И он был прав. Годом позже я вновь приехал
и увидел, что из трещины вылез черенок винограда. Еще через год черенок
превратился в тонкий ствол. В конце августа этого года мы сняли один из
самых обильных урожаев винограда, когда-либо виденных в Старом городе.
В этот вечер я делил субботнюю трапезу
с Аароном и Мирьям Боцер и их семью детьми. Я уже много лет восхищался
ими. Аарон купил в Старом городе какие-то развалины и своими руками возродил
их заново. Из одного лишь упрямства он поднял семью, открывая в процессе
этого тысячам молодых евреев красоту их наследия. Но за два года до этого
их семью поразил кризис. Двое старших мальчиков – юношей, воспитанных в
национально-патриотическом духе – бросили школу и, казалось, потеряли всякий
интерес к продолжению образования, к иудаизму и воинской службе. У третьего
мальчика тоже появились признаки того, что он пойдет по тому же пути. Я
видел выражение боли в глазах Аарона, но, оставаясь верным своему типичному
стилю поведения, он продолжал жить, как прежде.

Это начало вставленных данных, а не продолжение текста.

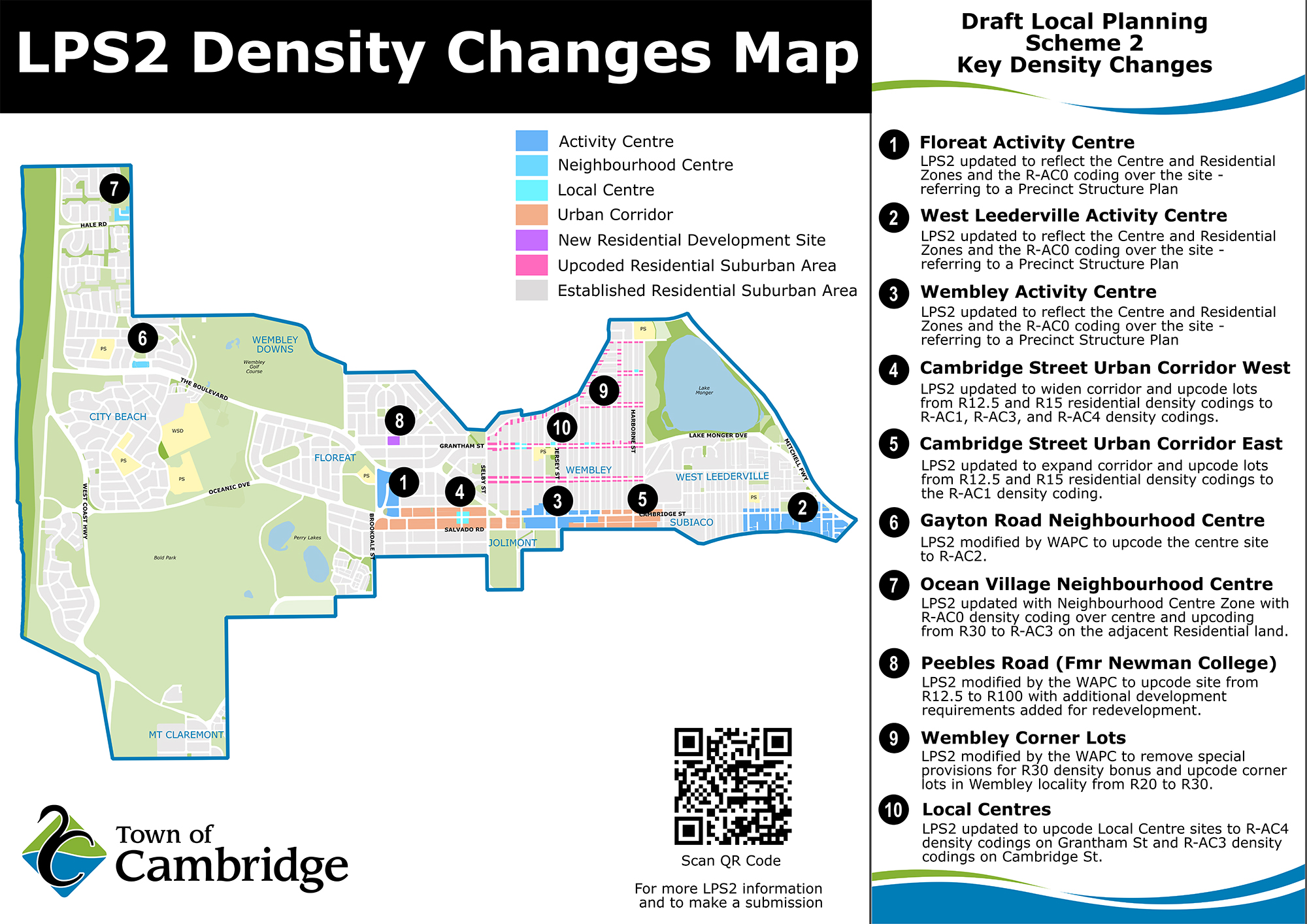 LPS2-Density-Changes-Overview-Map.jpg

Поэтому, прибыв к ним, я был весьма удивлен,
увидев двух младших мальчиков, бронзовых от загара и полных сил, помогавших
отцу в возведении нового этажа их дома. Когда я слез с крыши, я встретил
одного из старших братьев, который был уже женат, носил кипу и служил сержантом
в одном из самых элитных соединений израильской армии. Его брат проходил
курс морских коммандос.
В этот вечер, когда мы сидели вокруг субботнего
стола, я подумал о малозаметных совпадениях, которые, переплетаясь друг
с другом, формируют наш опыт. Мы разделяли виноград, выросший на моем дворе,
и я вспоминал, как эти полные жизни молодые парни, сидевшие напротив меня,
будучи еще маленькими мальчиками, карабкались на стулья и стремянки, чтобы
помочь мне собрать тот первый урожай винограда в 1986 году. Когда я испробовал
сладость этого винограда, я подумал – сколько еще раз мне удастся стать
свидетелем такого мощного примера надежды и обновления?